[Stored entries]
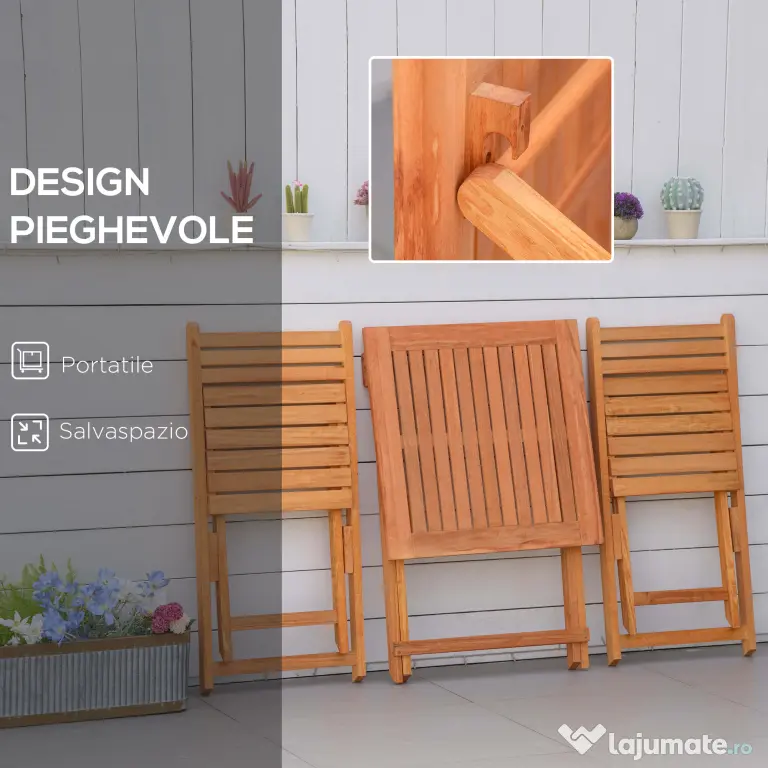 Outsunny Set Mobilier de Grădina din Lemn de Teak, 3 Piese, Masa și Scaune Pliabile, Rezistent la Intemperii, Design Natural | Aosom Romania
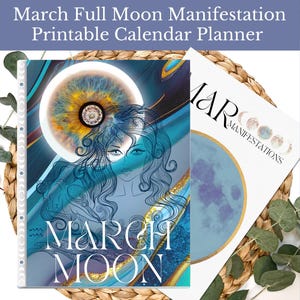 Fullmånejournal Manifestationer för mars Utskrivbara kalenderplanerare för fullmåne Ny manifestationsritual PDF Fiskarnas planerare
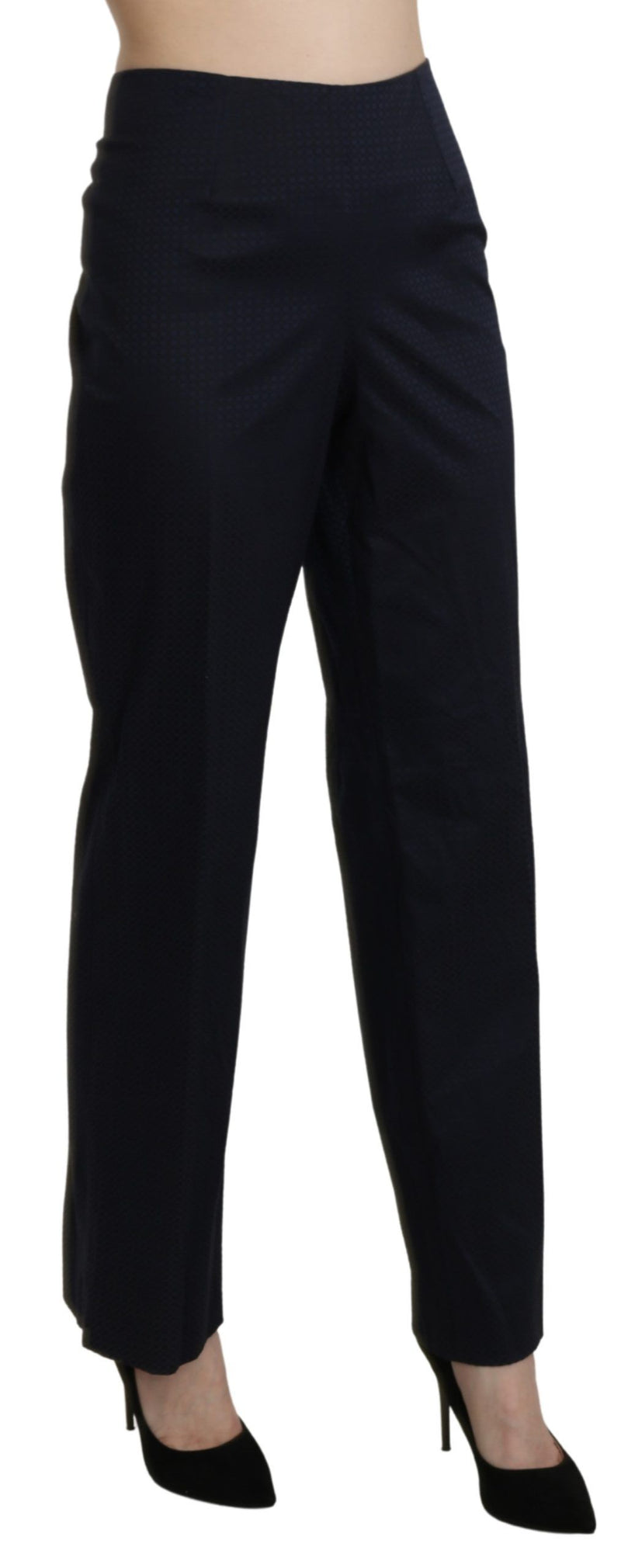 Pantaloni di cotone dritta blu blu navy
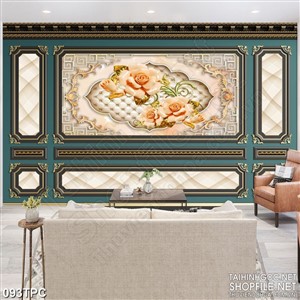 PSD tranh phào chỉ nghệ thuật bông hoa hồng màu nude nở rộ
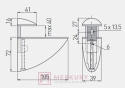 Podpórka do półek pelikan PP-DPO150-05 aluminium mat MERKURY Akcesoria Meblowe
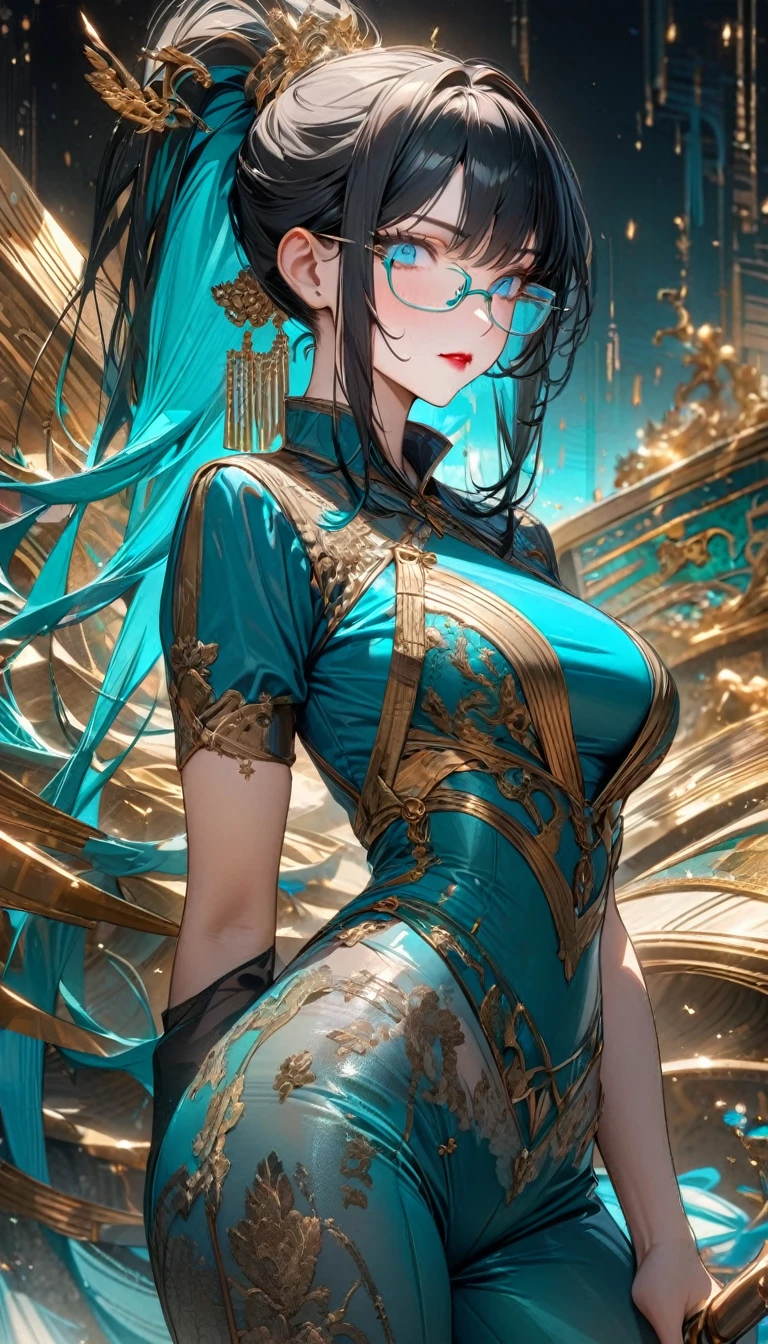 Adult woman, long black hair with turquoise parts, high ponytail, blue eyes, turquoise eyeshadow, red lipstick, glasses, turquoise tight Chinese shirt, turquoise tight Chinese pants, transbarent nylon elements, golden elements, white elements, Goddess, Masterpiece, best quality, Full HD, 8k, ultra details, great graphic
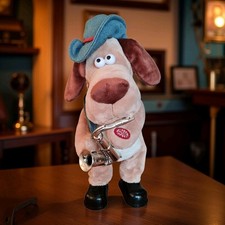 Uni-Toys Hund mit Saxophon 38 cm – Musik-Plüsch / Sound / Vintage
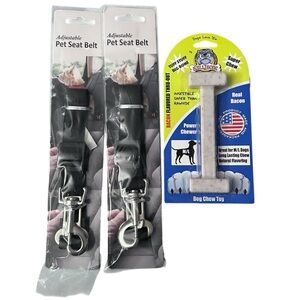 NEW Set of 2 Dog Adjustable Seatbelts + Bullibone Power Chewer Dog Chew Toy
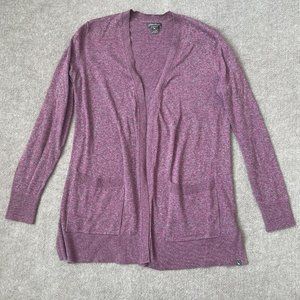 Eddie Bauer Cardigan Womens XS Pink Gray Open Front Sweater Lightweight Pockets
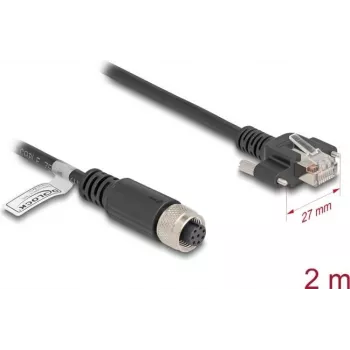 Tīkla kabelis DeLOCK M12 kabelis A-kodēts 8 kontaktu ligzda uz RJ45 spraudni Cat.5e 2 m melns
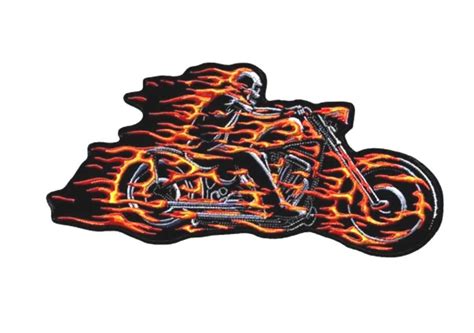 Ghost Rider Motorcycle Biker Patch Iron On Embroidered Jacket Etsy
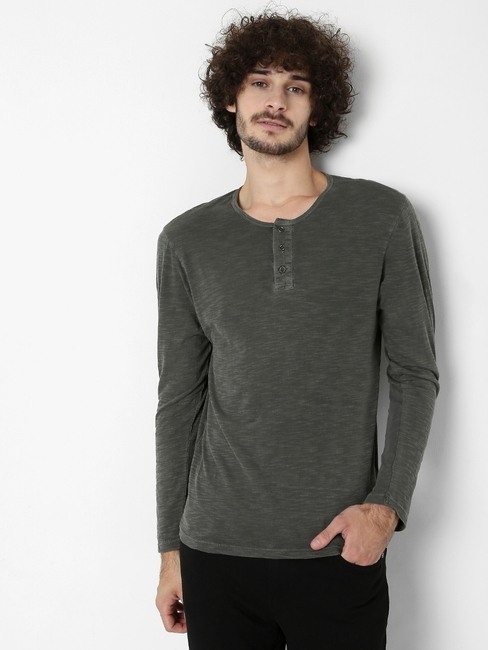 GAS | Heathered CPD Slim Fit Henley T-shirt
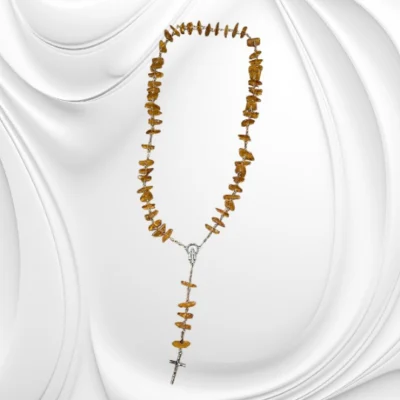 Różaniec z bursztynu bałtyckiego i stali chirurgicznej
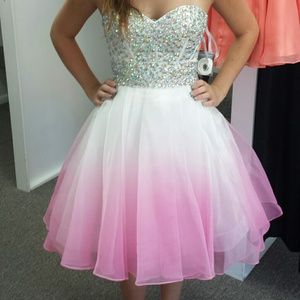 Pink and white homecoming dress.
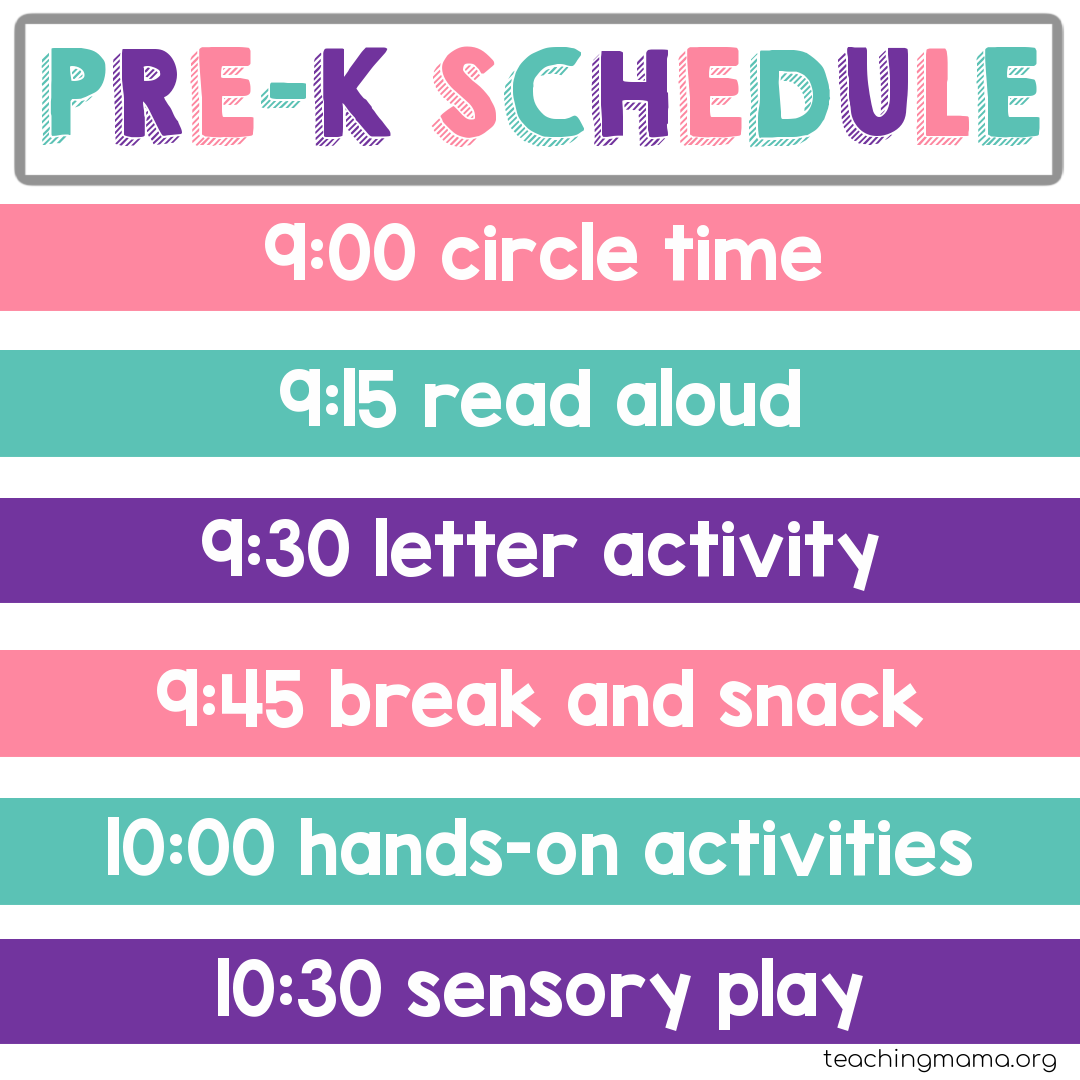 pre k schedule ideas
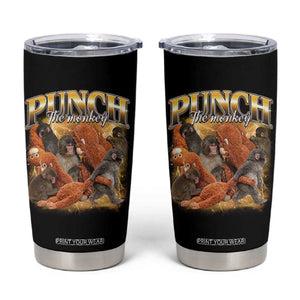 Punch The Monkey Tumbler Cup Baby Monkey Punch Plush Hugging 90s Bootleg TS11 Black Print Your Wear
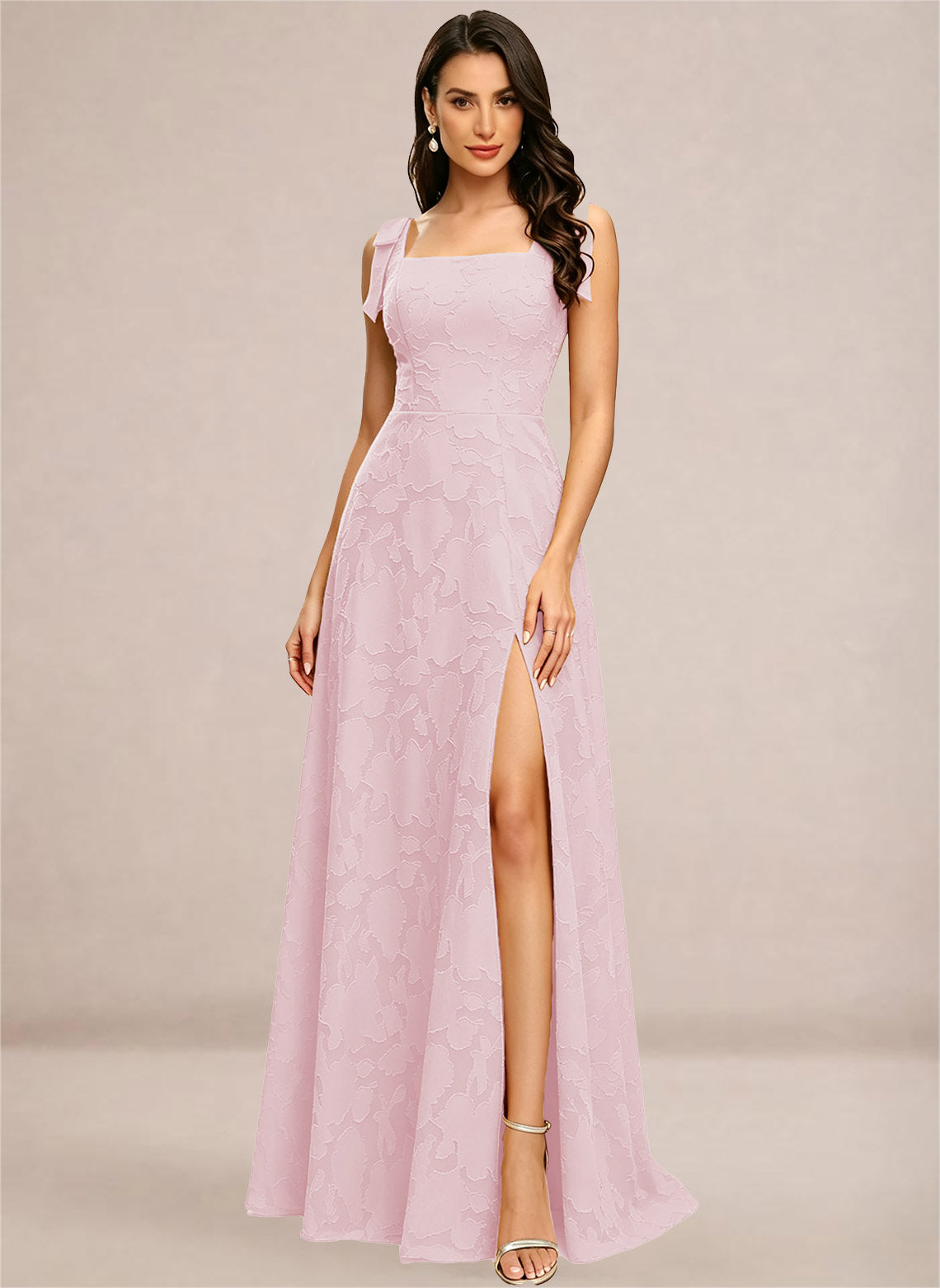 Chiffon Floral A-line Square Neck Bridesmaid Dresses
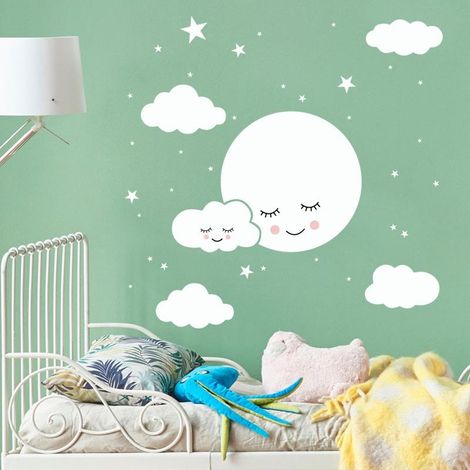 Stickers muraux décoratifs avec visage souriant, étoiles et nuages (1/5)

Problem to solve:
Exactly the lines from the one containing "Tīkla kabelis DeLOCK" to the end of the records above, both end lines included, are to be printed, and no pictures with them.

Solution to this problem:
 Tīkla kabelis DeLOCK M12 kabelis A-kodēts 8 kontaktu ligzda uz RJ45 spraudni Cat.5e 2 m melns
 Ghost Rider Motorcycle Biker Patch Iron On Embroidered Jacket Etsy
 GAS | Heathered CPD Slim Fit Henley T-shirt
 Różaniec z bursztynu bałtyckiego i stali chirurgicznej
 Pink and white homecoming dress.
 pre k schedule ideas
 Punch The Monkey Tumbler Cup Baby Monkey Punch Plush Hugging 90s Bootleg TS11 Black Print Your Wear
 Chiffon Floral A-line Square Neck Bridesmaid Dresses
 Stickers muraux décoratifs avec visage souriant, étoiles et nuages (1/5)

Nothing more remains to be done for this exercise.